Wacky 2007-09-21 17:19

Last night, Paul reported to me that he had returned to England and retrieved the following information before going to bed after an exhausting trip.

[QUOTE]6,283-

Probable prime factor 1 has 99 digits:
447124831877025366689793129436873423163216894462385022533572097231958503707190221729170132612703957
Probable prime factor 2 has 75 digits:
138457361320915478919381975760508114488979126852819238404548238145324558533

so not an ECM miss, even by Bruce's standards.
[/QUOTE]

I'm sure that it is likely that he will add some more details after he recovers.


On 5,317-, I have completed 30% of the Block Lanczos iterations.

And we have completed approximately 50% of the sieving for 5,323-.

Jwb52z 2007-09-22 15:26

Is the actual NFSNet project website going to be updated soon with all this new information about what has been completed since April? That was the date of the last bit of news on the website. I understand if the person who does that needs to recover from his travelling, but as I help keep one of the biggest DC project websites updated, it would be nice to make some official news about it from the website, no hurry though.

bdodson 2007-09-22 16:26

[QUOTE=Jwb52z;114870]Is the actual NFSNet project website going to be updated soon ... I understand if the person who does that needs to recover from his travelling, ...[/QUOTE]

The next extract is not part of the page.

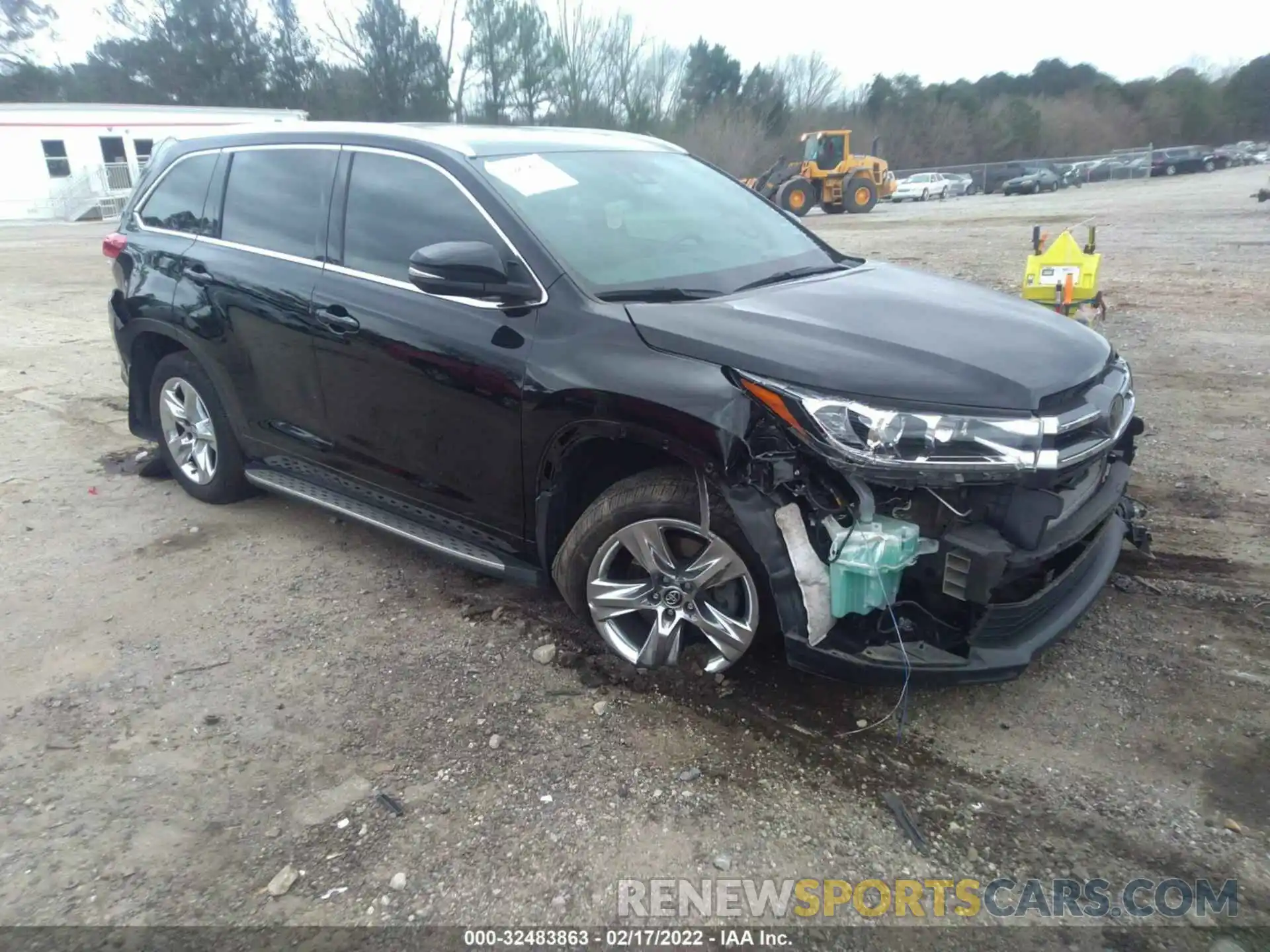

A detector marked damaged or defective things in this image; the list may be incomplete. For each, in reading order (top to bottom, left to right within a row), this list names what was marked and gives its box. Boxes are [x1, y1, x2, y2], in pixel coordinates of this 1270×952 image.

cracked headlight [741, 373, 1048, 473]
front-end collision damage [714, 360, 1154, 682]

Xilman does post-processing after sieving, and sets sieving regions
for the new numbers; not web page maintenance. The person that
used to do the web page and stats retired from NFSNET, and hasn't
been replaced. Fivemack/Tom did some interim updates, perhaps he
could do another round? -bdodson

Jwb52z 2007-09-24 21:54

Thank you so much for the quick answer to my question. There are a great many people who visit the DC site I help with and I'm sure they are interested in what's going on with things. :)

Wacky 2007-09-28 22:01

5,317- Factored
 
I am pleased to report that, with the assistance of "frmky" Greg Childers (CalState-Fullerton) and utilizing code from msieve ("jasonp" Jason Papadopoulos), NFSNet has completed the factorization of 5,317-.

Greg reported [QUOTE]Fri Sep 28 12:06:02 2007 prp85 factor: 1173266048118996938584719882501239841331337879112270918586790280760729499132694039331
Fri Sep 28 12:06:02 2007 prp110 factor: 78784317656768133239109671345422644991678073397834197717116145126532590520938482143011654153492533979880370291

Greg[/QUOTE]

Thanks to all who helped in this effort. I'm sure that Greg will have something to add about his part of the effort.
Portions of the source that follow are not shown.